## TASK GOAL
Please retype the data below exactly, stopping after the line with "Dacia Duster 3 of 9" and skipping every picture.

(Entries taken from a collection)
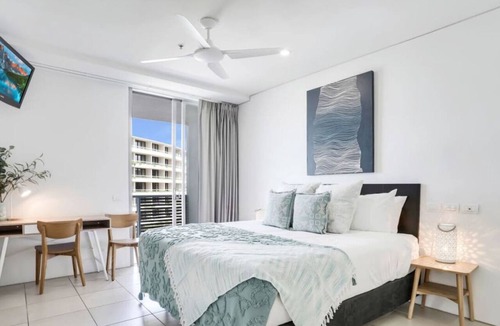 Cairns Central Business District Hotel | Studio Stay near Marina with Pool, Gym and Sauna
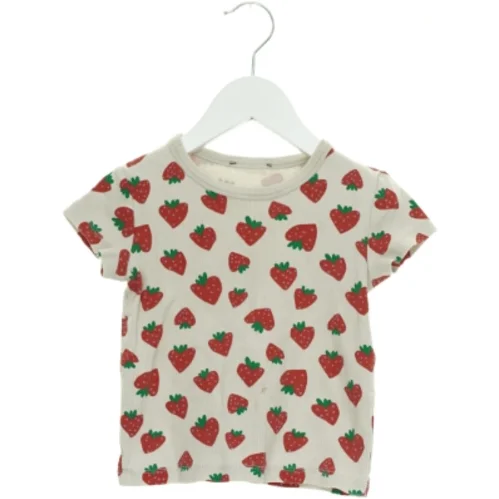 T-Shirt (str. 104 cm)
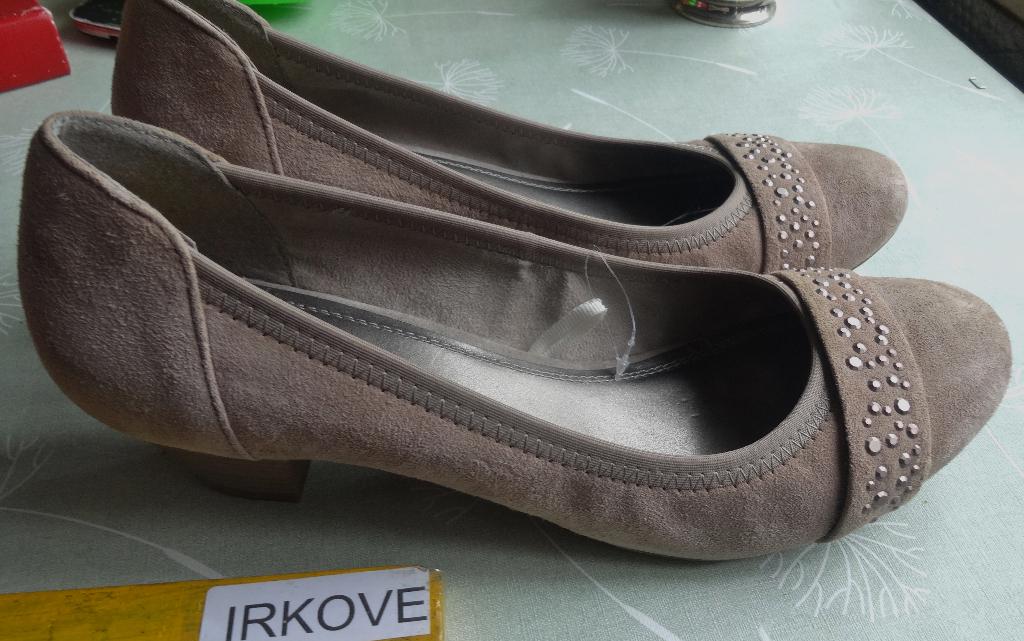 NIEUWE BEIGE PUMPS NOVOCENTO * Maat 40 *, Kleding | Dames, Schoenen, Nieuw, Pumps, Beige, Verzenden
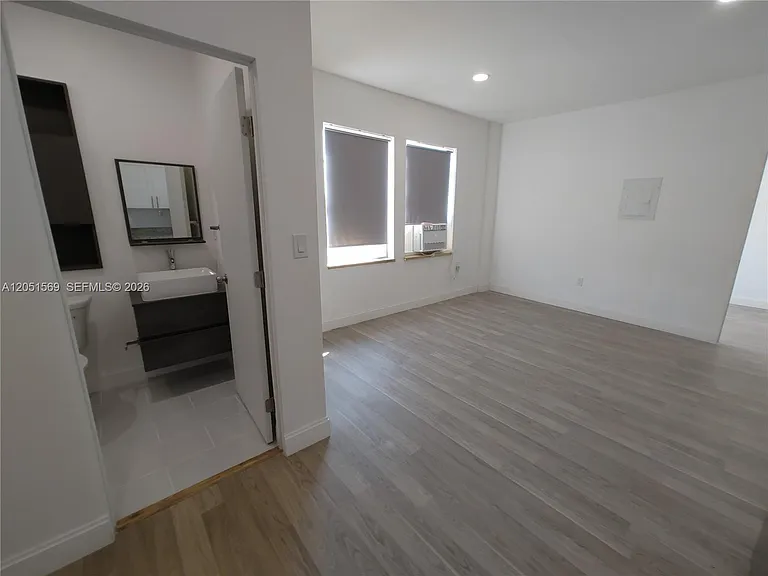 1629 SW 6th St #11 — Photo 21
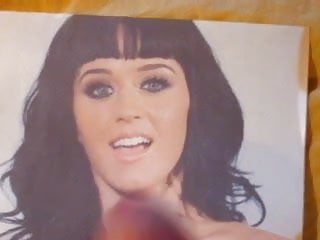 Wanking &amp; Cumming On Katy Perry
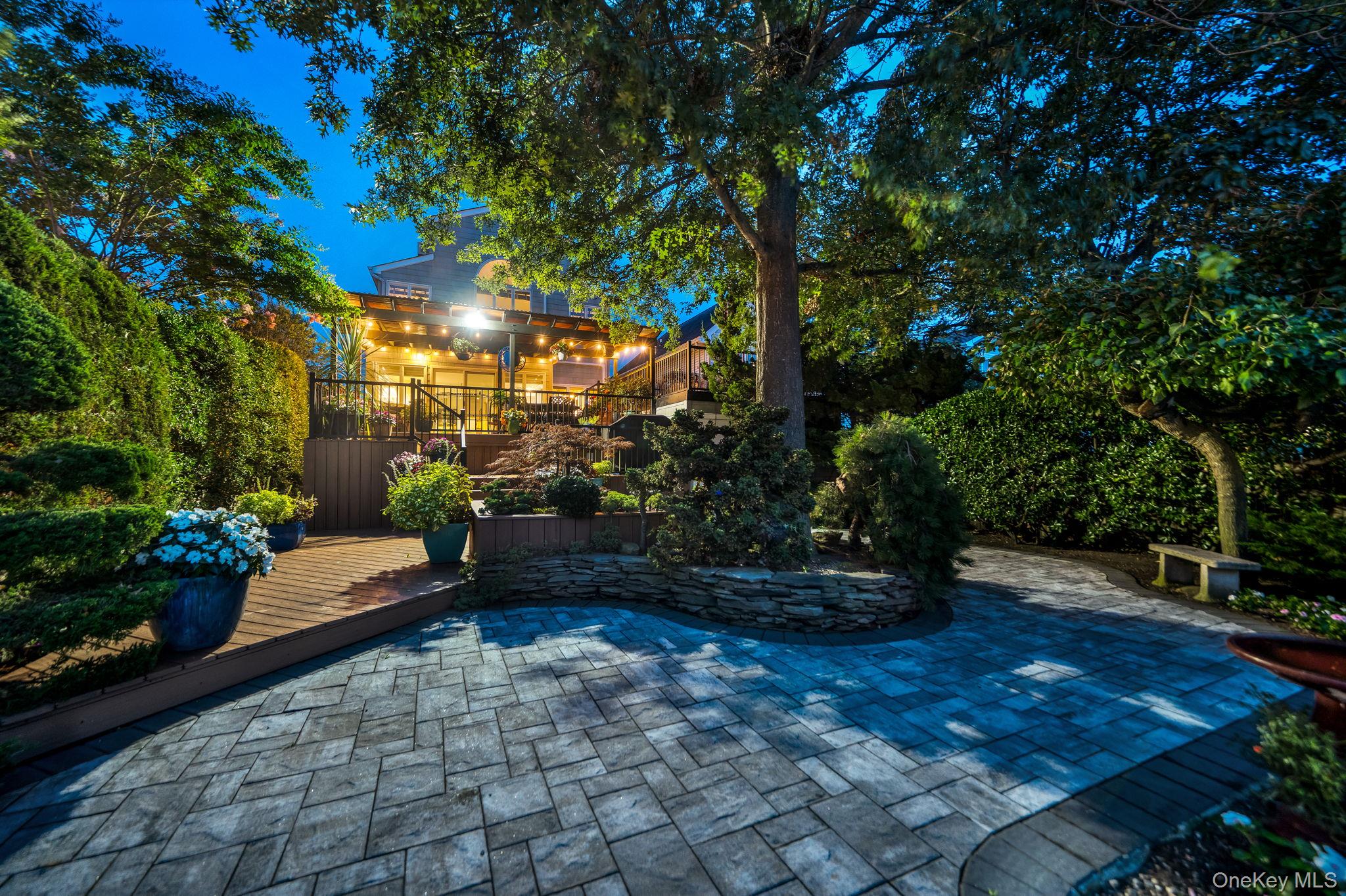 2660 Riverside Drive – For Sale photo 13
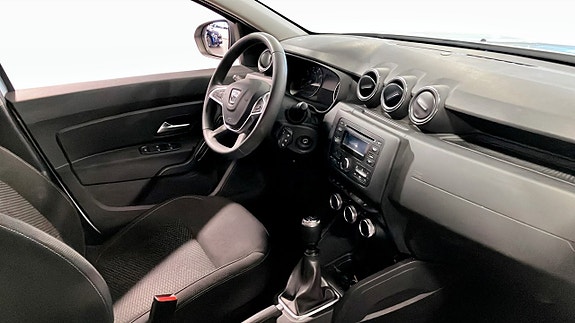 Dacia Duster 3 of 9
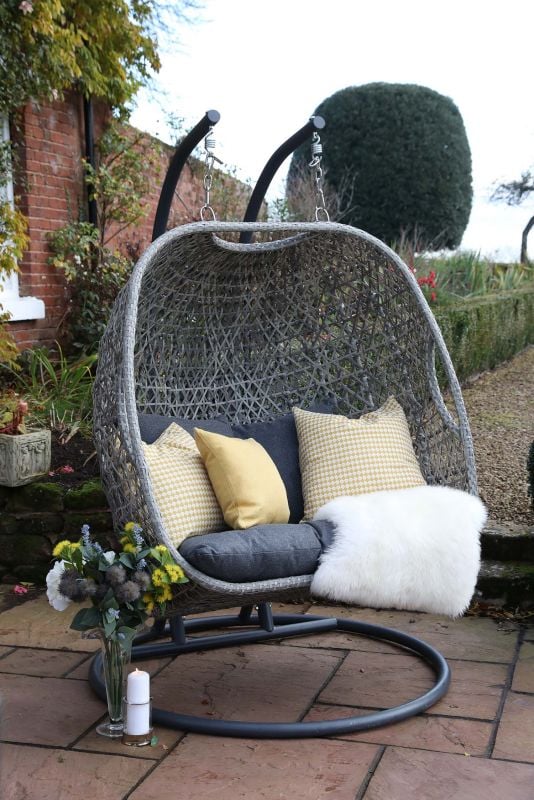 The Best Garden Furniture For Small, Medium & Large Spaces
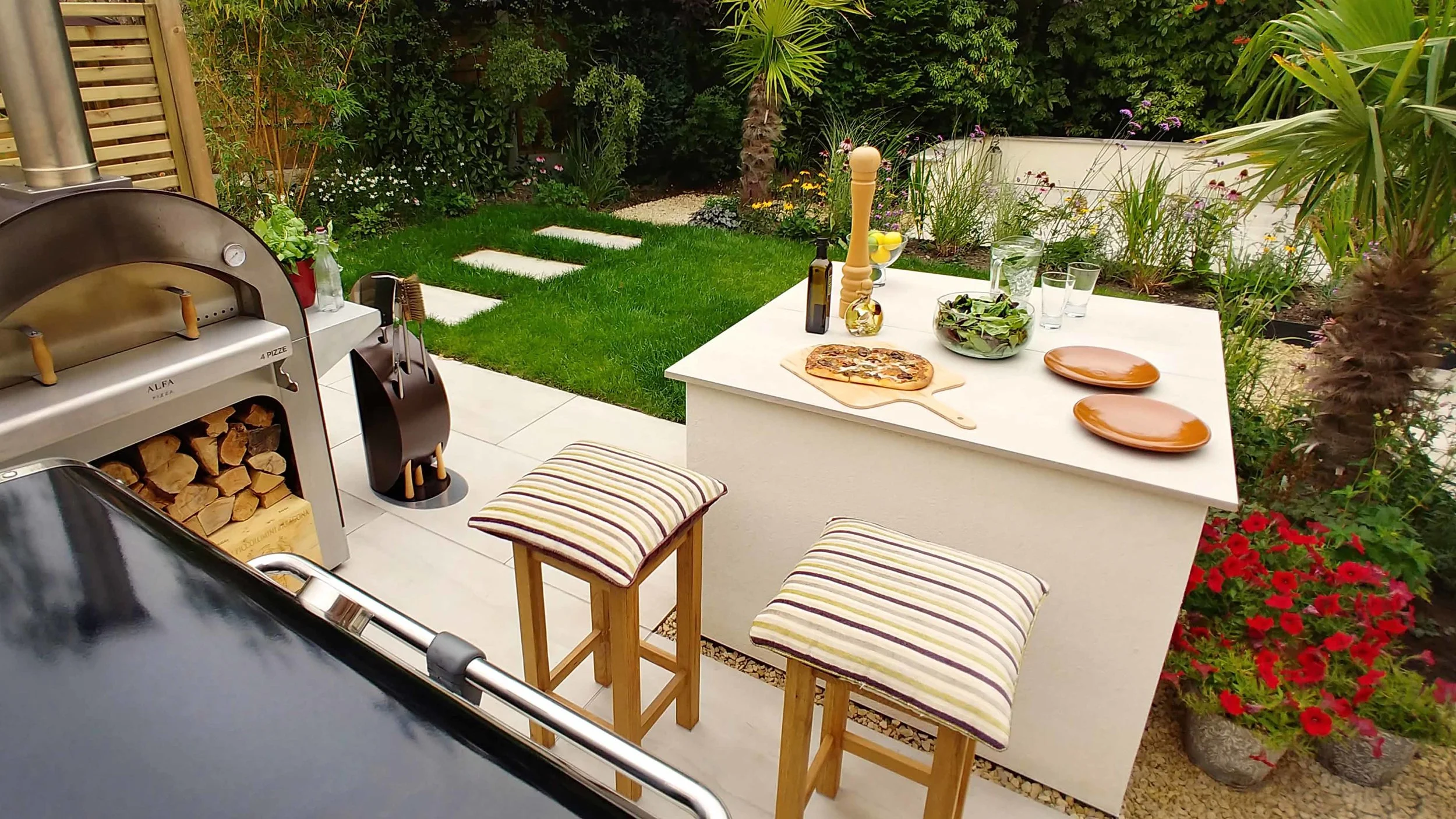 Garden Design Cheshire: Prairie Planting And Porcelain Patio: Outdoor Kitchen, Pizza Oven And Bar Area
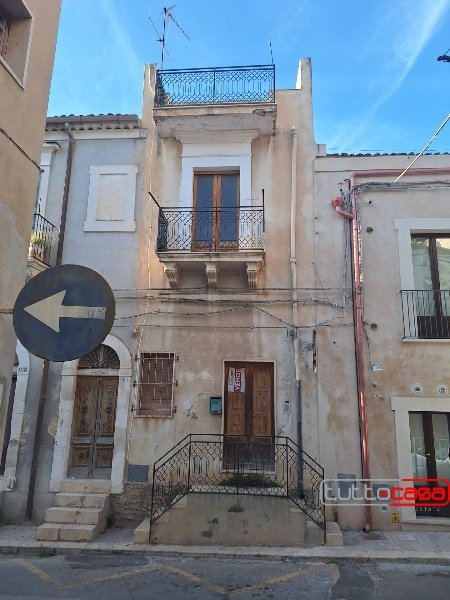 casa indipendente in vendita a Scicli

## OUTPUT FOR THIS TASK
 Cairns Central Business District Hotel | Studio Stay near Marina with Pool, Gym and Sauna
 T-Shirt (str. 104 cm)
 NIEUWE BEIGE PUMPS NOVOCENTO * Maat 40 *, Kleding | Dames, Schoenen, Nieuw, Pumps, Beige, Verzenden
 1629 SW 6th St #11 — Photo 21
 Wanking &amp; Cumming On Katy Perry
 2660 Riverside Drive – For Sale photo 13
 Dacia Duster 3 of 9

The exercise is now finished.